CBRE, the property's largest tenant, vacated in March 2022 after its lease expired. The real estate services firm had accounted for 20% of base rent at KBRA's 2022 review.

Leases generating 21.4% of base rent expire in 2026. Another 17.1% comes due in 2027.

The loan transferred to special servicing in November after the borrower defaulted on its balloon payment. The debt matured this month with an outstanding balance of $79.9 million.

KBRA estimated a $235,676 loss on the loan, reflecting a 0.5% loss severity. The firm valued the 33-story property at $79.5 million.

The special servicer reported the building is in good condition with no deferred maintenance.

CoStar data shows 225,640 square feet available for lease at 2100 Ross, a 27% availability rate.
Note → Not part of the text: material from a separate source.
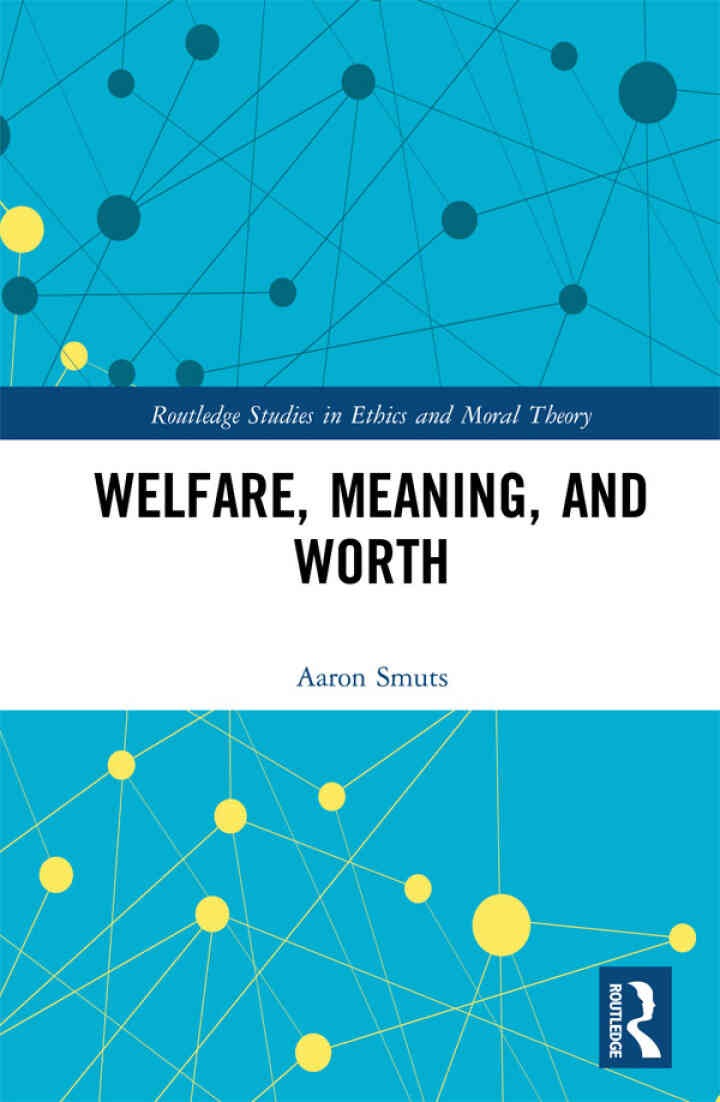 Welfare, Meaning, and Worth, 1st Edition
U.S. existing home sales totaled 223K in January 2026

That's the lowest January existing sales volumes since 2009

Turnover remains strained in the existing-home market

Home prices are still climbing a little year-over-year in many regions where active inventory remains well below pre-pandemic 2019 levels, such as pockets of the Northeast and Midwest. In contrast, some pockets in states like Texas, Florida, and Colorado—where active inventory exceeds pre-pandemic 2019 levels by a solid clip—are seeing modest home price pullbacks or flat pricing.